The Arakuto emblem marking each culinary altar is the result of the impact of a steel punch. A method inspired by a Japanese technique for compressing wood fibers known as Kigoroshi. Used in traditional wood arts and joinery, the term kigoroshi means 'to kill wood.'

The Arakuto emblem marking each culinary altar is the result of the impact of a steel punch. A method inspired by a Japanese technique for compressing wood fibers known as Kigoroshi. Used in traditional wood arts and joinery, the term kigoroshi means 'to kill wood.'

A Sacrifice to Honor

Long before the very concept of culinary altar emerged — this idea that a surface for preparing the plants and animals we consume could become a chosen space for reconnection with oneself and the real, a place where life and sacredness meet daily — long before a first form of altar was shaped from clay by the hands of its creator, before other hands, masters in the art of transfiguring wood, sculpted its body; before a first constellation was inlaid upon it; before the very first ritual of the strike consecrated the wooden work to make it an Arakuto altar: there was… a tree. The life of a tree.

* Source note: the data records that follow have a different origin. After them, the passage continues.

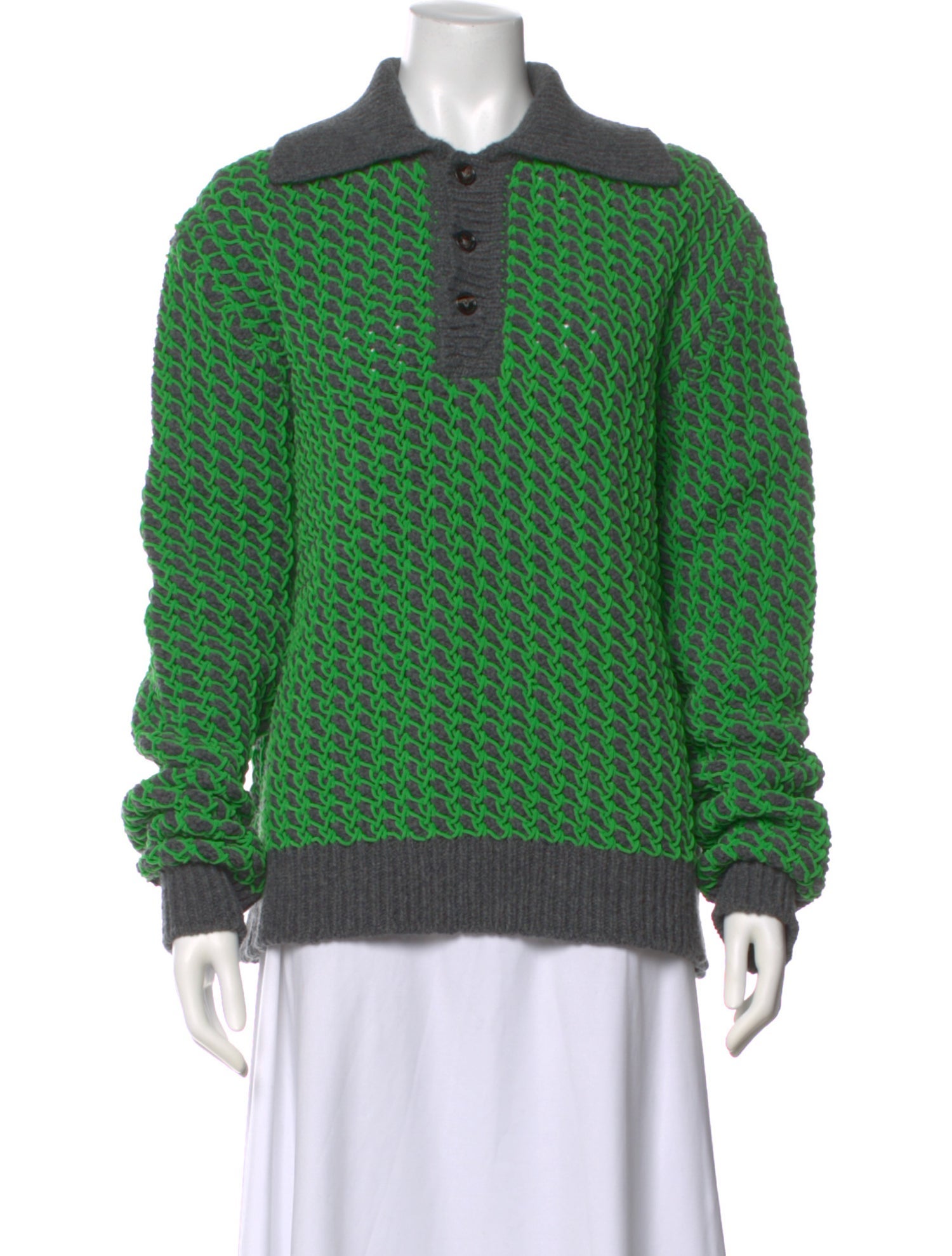 Bottega Veneta Wool Printed Sweater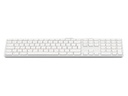 LMP Tastatur KB-1243 Silber, Mac CH-Layout mit Ziffernblock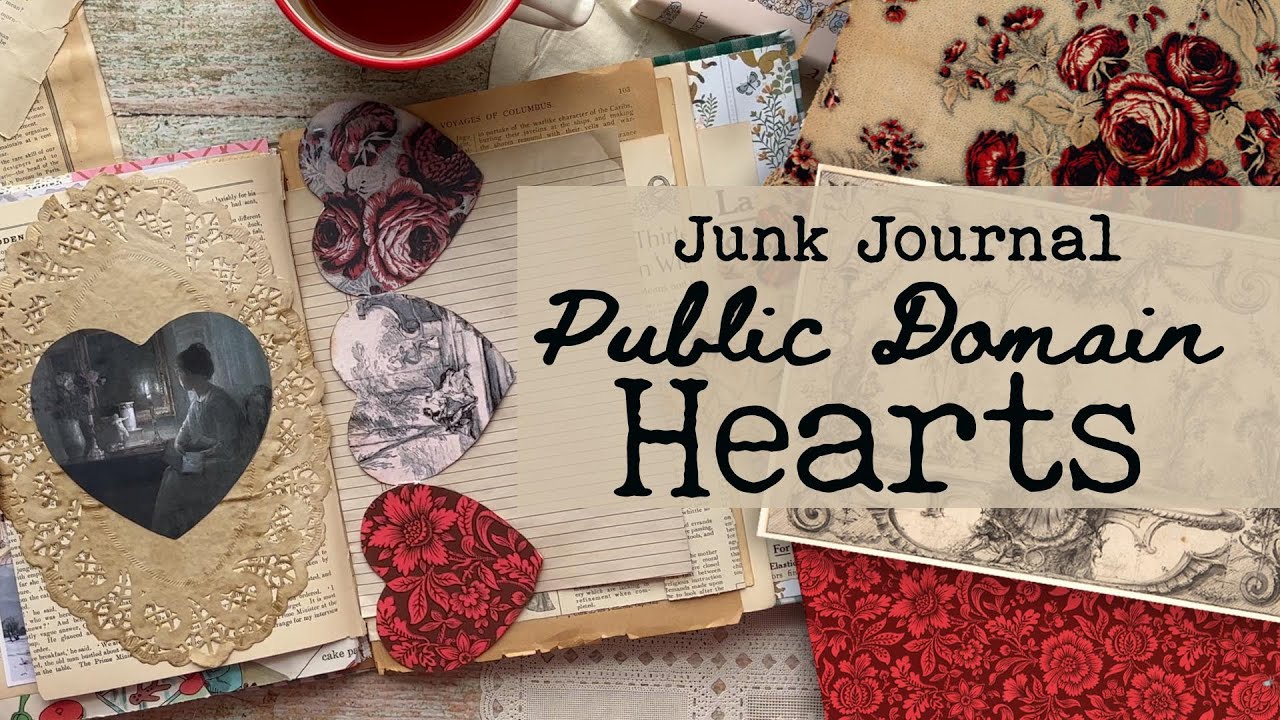 Make Custom Journal Hearts and Digitals Using Public Domain Images and Photoshop PLUS a Free Digital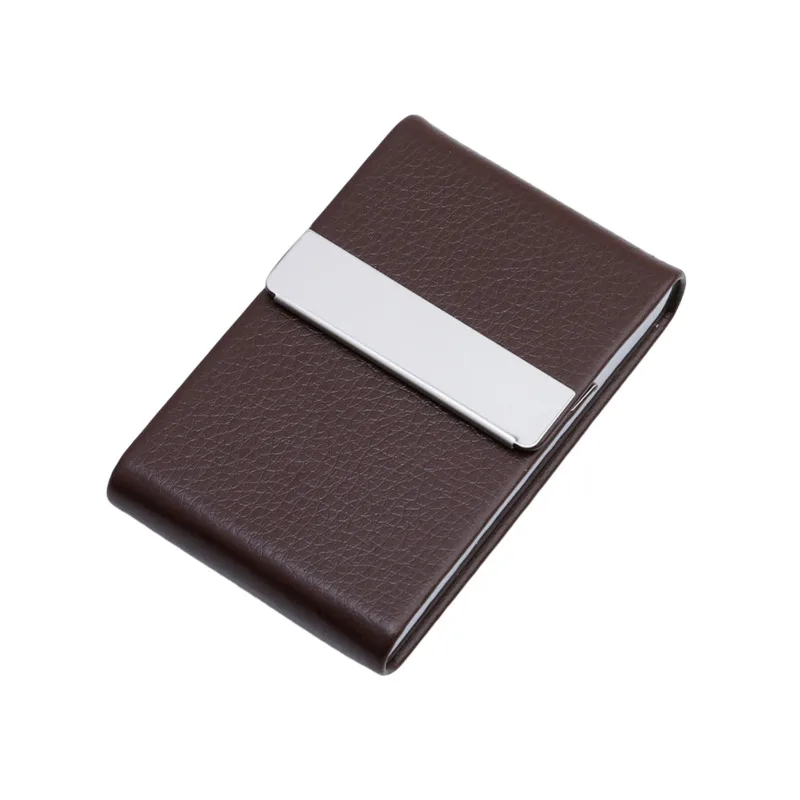 Zigarettenetui Mini Etui 7 Zigaretten Dose Metall Box Kunst Leder Tabakdose Neu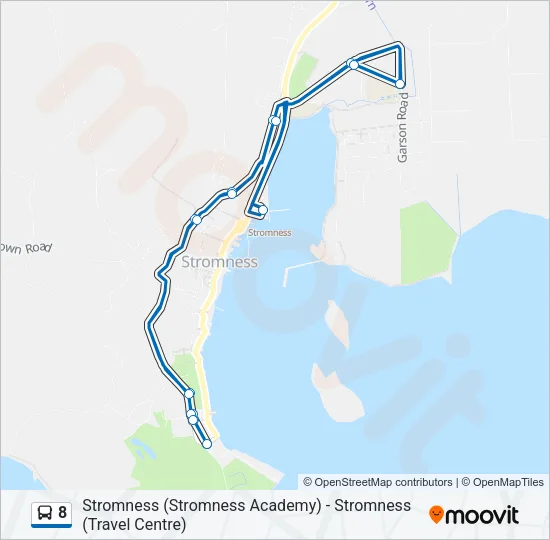 8 Bus Line Map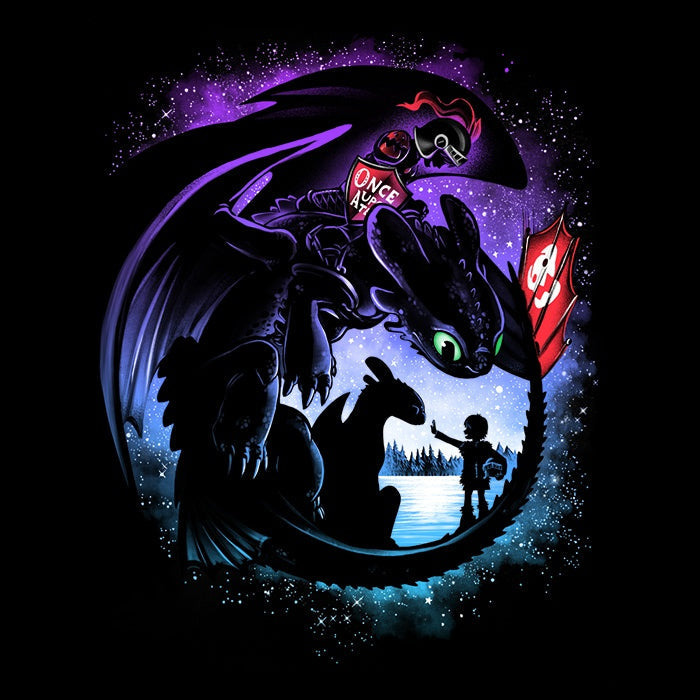 Dragons and - Adult & Kids T-Shirts, Sweatshirts & Hoodies apparel design preview 2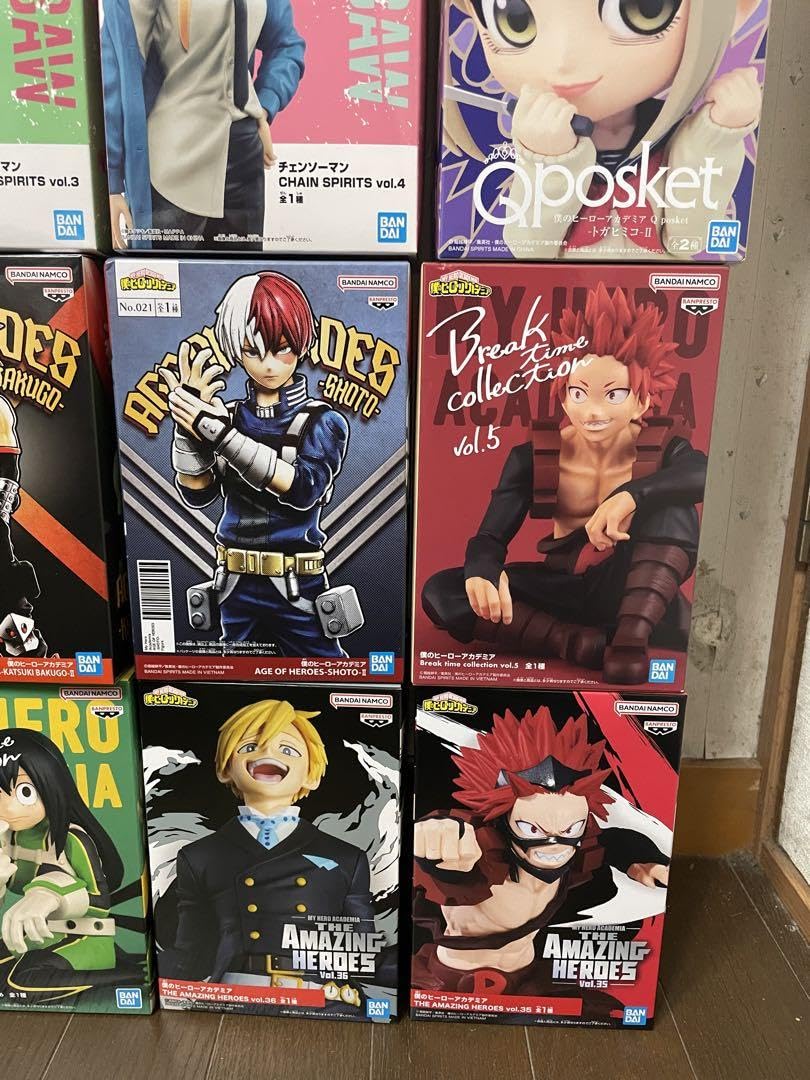 Amazon.co.jp: プライズフィギュア まとめ売り ワンピ ース ヒロアカ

A life that began a hundred years ago, at the heart of a North American forest, when a majestic maple, swayed by a late spring breeze, released one of its samaras. The winged seed swirled for a moment before settling on a small patch of warm earth, where it nestled in. The seed became a sprout. Then a seedling. Before its slender stem was cloaked in a thin skin of bark. From one spring to the next, the little tree gained girth and height. And for decades, far from the stirrings of the human world, unaware of wars and revolutions, it continued its slow ascent toward the sun, stretching its roots into the unseen depths of the earth. It endured the bites of winter, the snows and freezing rains, braved the summer fumes from fires that ravaged stretches of nearby forests, spared by the luck of the winds, or by fate. After a century, the maple had become a pillar of its kind, a living guardian offering shade, shelter, and sustenance to countless lives.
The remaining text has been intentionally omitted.